REQUIRED ACTION:
Once you find the line with "Acer palmatum deshojo - immagine 7" in the entries below, return exactly every line from it through the line with "Miranda the Quarter".

START DATA TO PROCESS

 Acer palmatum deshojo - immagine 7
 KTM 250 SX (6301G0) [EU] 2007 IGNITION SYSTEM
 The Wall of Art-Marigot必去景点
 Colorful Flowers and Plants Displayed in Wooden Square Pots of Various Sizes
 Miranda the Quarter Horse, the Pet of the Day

END DATA TO PROCESS
START DATA TO PROCESS

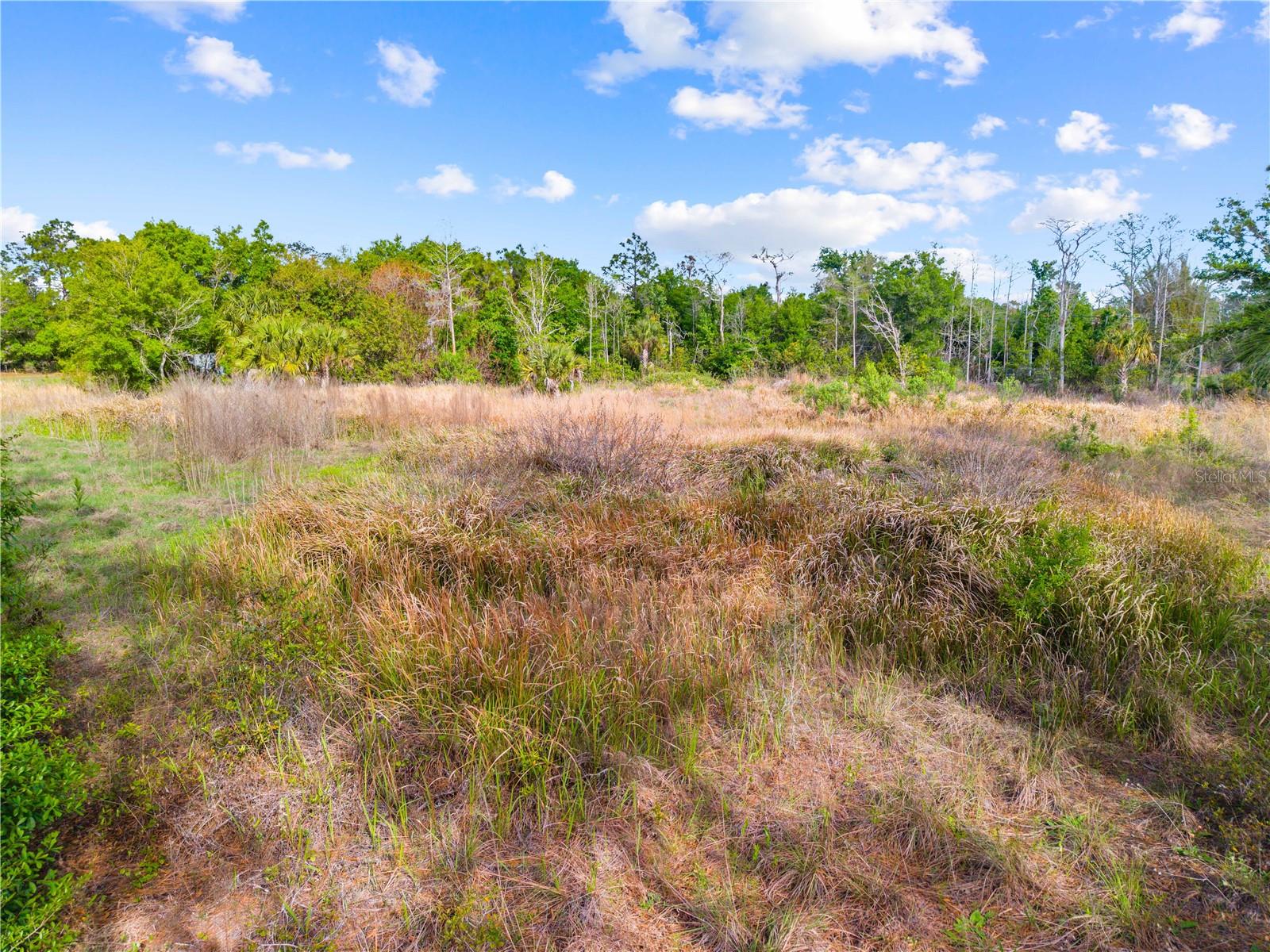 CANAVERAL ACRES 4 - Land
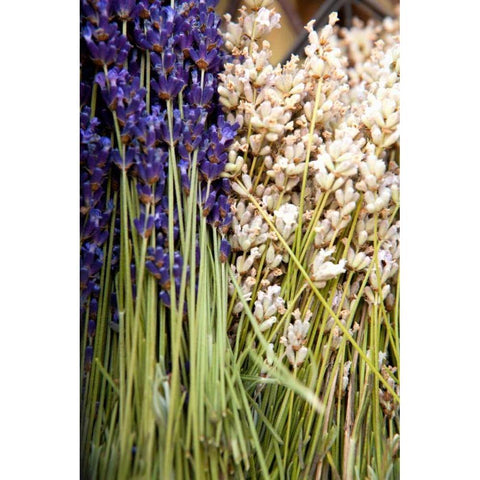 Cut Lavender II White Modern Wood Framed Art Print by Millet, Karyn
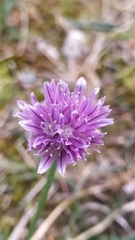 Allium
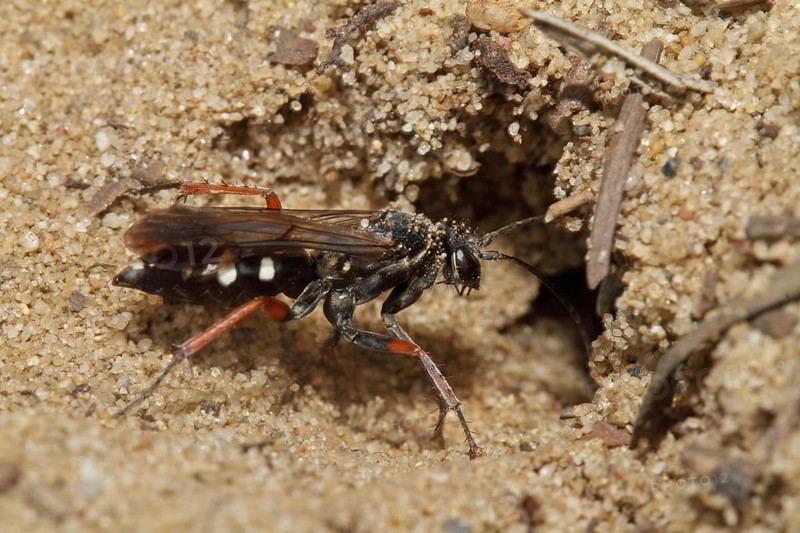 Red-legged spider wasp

END DATA TO PROCESS

OUTPUT OF THE TASK:
 Acer palmatum deshojo - immagine 7
 KTM 250 SX (6301G0) [EU] 2007 IGNITION SYSTEM
 The Wall of Art-Marigot必去景点
 Colorful Flowers and Plants Displayed in Wooden Square Pots of Various Sizes
 Miranda the Quarter Horse, the Pet of the Day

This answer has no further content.